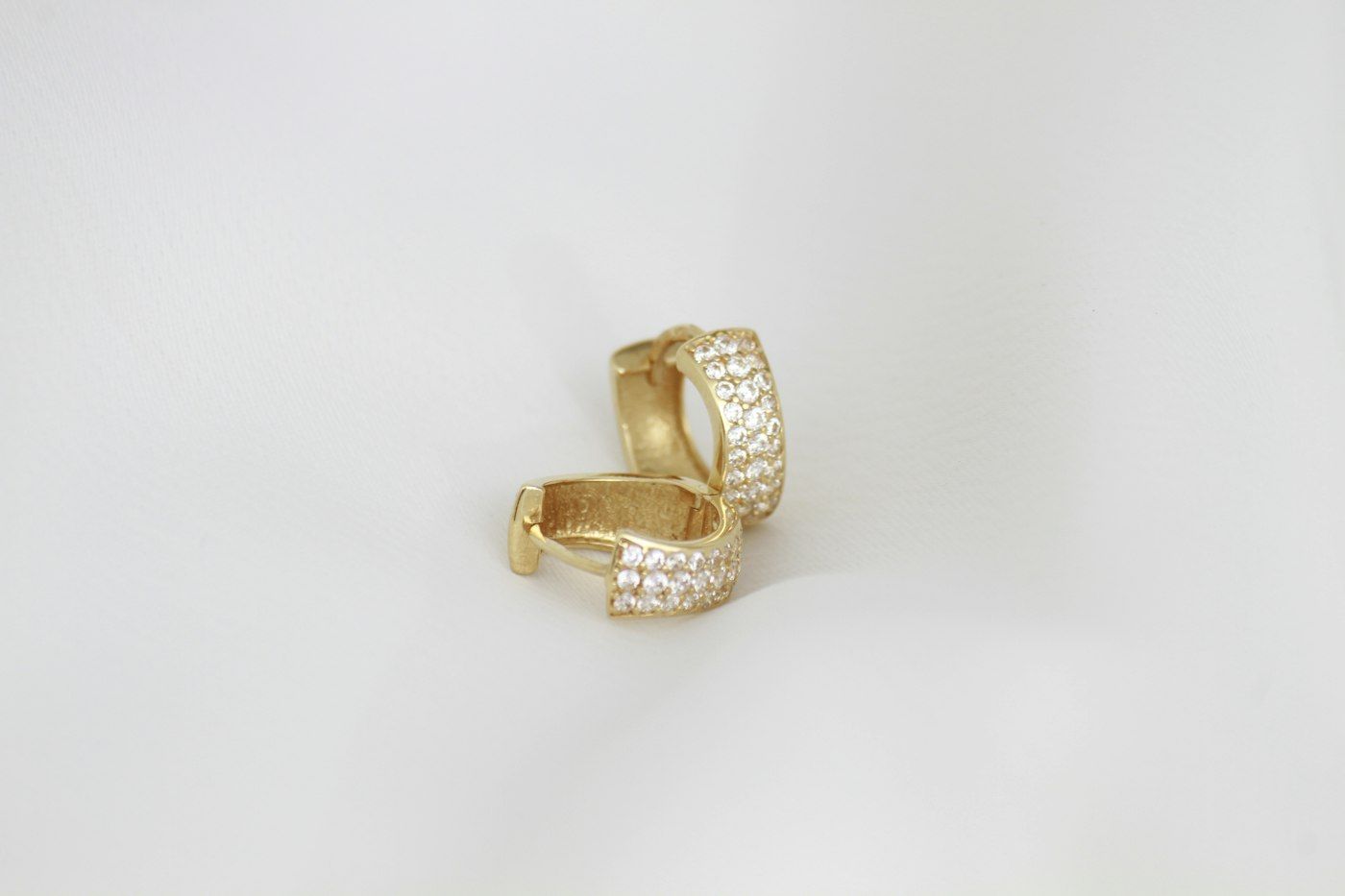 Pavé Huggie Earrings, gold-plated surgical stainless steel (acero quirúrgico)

...

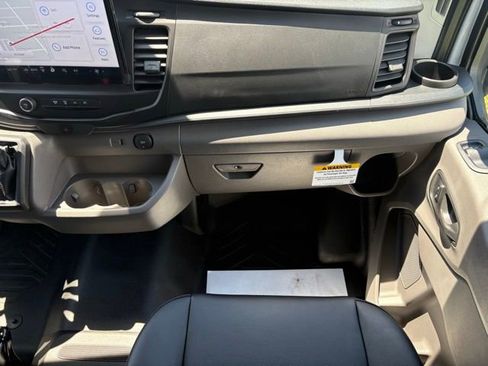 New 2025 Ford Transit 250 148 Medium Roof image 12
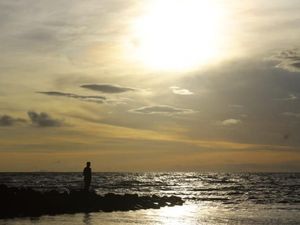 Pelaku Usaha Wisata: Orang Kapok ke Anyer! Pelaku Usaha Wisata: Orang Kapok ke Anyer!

● Exercise
Which part of the entries opens with the line containing "New 2025 Ford" and closes with the line containing "Pelaku Usaha Wisata: Orang Kapok ke Anyer! Pelaku"? Output that part exactly, ends included, pictures excluded.

● Answer for this exercise
 New 2025 Ford Transit 250 148 Medium Roof image 12
 Pelaku Usaha Wisata: Orang Kapok ke Anyer! Pelaku Usaha Wisata: Orang Kapok ke Anyer!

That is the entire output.